# Practical: Image classification

In this practical, we will continue working on the hand-written digit classification dataset, [MNIST](http://yann.lecun.com/exdb/mnist/).

![](mnist.png)

Instead of using a K nearest neighbour or support vector machine classifier from sklearn in the previous practical, we will use a convolutional neural network today.
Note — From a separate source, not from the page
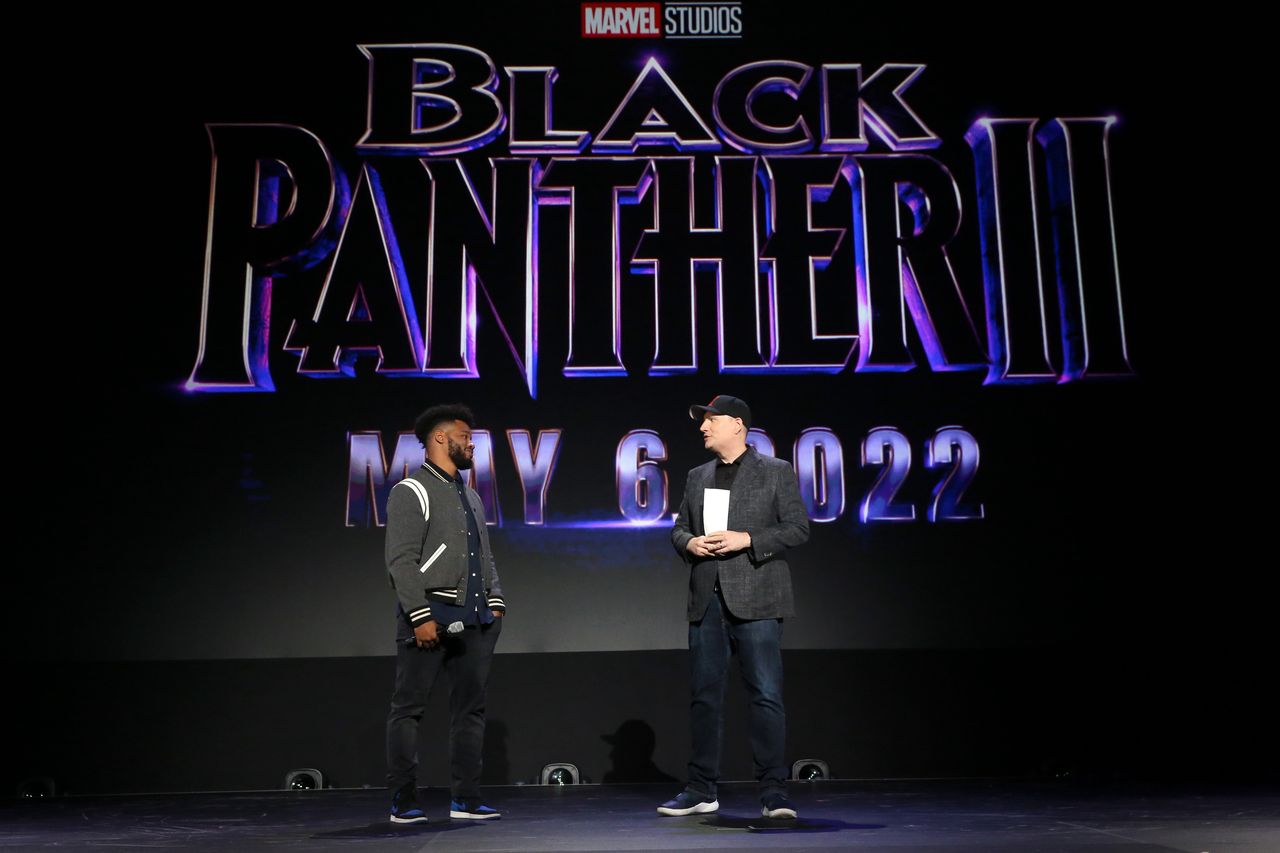 Ryan Coogler i Kevin Feige na prezentacji "Czarnej Pantery"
The two mainstream neural network libraries are [TensorFlow](https://www.tensorflow.org/) by Google and [PyTorch](https://pytorch.org/) by Facebook. We will use PyTorch for this practical. Please install the package first, following the [instruction](https://pytorch.org/get-started/locally/). In most cases, you simply need to run the following command on your computer:

`pip3 install torch torchvision`

In [None]:
# Import libaries (provided)
import numpy as np
import pandas as pd
import os
import gzip
import struct
import matplotlib.pyplot as plt
import time
import random
import torch
import torch.nn as nn
import torch.nn.functional as F
import torch.optim as optim

# If you use Macbook and get an error message when you use matplotlib, relevant to libomp.dylib initialisation, you may try uncommenting the following line.
# os.environ['KMP_DUPLICATE_LIB_OK'] = 'True'

Note that the output of the `extract_images()` function is a 4D array. The [convolutational layer](https://pytorch.org/docs/stable/nn.html#conv2d) in Pytorch takes 4D arrays of shape $N \times C \times X \times Y$ as input.

In [None]:
# Functions for loading MNIST image data (provided)
def extract_images(f_name):
    """ Extract the images into a 4D uint8 numpy array [index, rows, cols, 1]. """
    print('Extracting', f_name)
    with gzip.open(f_name, 'rb') as f:
        # Read file header
        buffer = f.read(16)
        magic, num_images, rows, cols = struct.unpack(">IIII", buffer)
        if magic != 2051:
            raise ValueError('Invalid magic number {0} in MNIST image file {1}.'.format(magic, f_name))

        # Read data
        buffer = f.read(rows * cols * num_images)
        data = np.frombuffer(buffer, dtype=np.uint8)
        data = data.reshape(num_images, 1, rows, cols)
        return data

# Functions for loading MNIST label data (provided)
def extract_labels(f_name):
    """ Extract the labels into a 1D uint8 numpy vector [index,]. """
    print('Extracting', f_name)
    with gzip.open(f_name, 'rb') as f:
        # Read file header
        buffer = f.read(8)
        magic, num_items = struct.unpack(">II", buffer)
        if magic != 2049:
            raise ValueError('Invalid magic number {0} in MNIST label file {1}.'.format(magic, f_name))

        # Read data
        buffer = f.read(num_items)
        data = np.frombuffer(buffer, dtype=np.uint8)
        return data

## 1. Load and browse data.

The MNIST dataset is split into a training set (60,000 samples) and a test set (10,000 samples). In total, there are 4 files.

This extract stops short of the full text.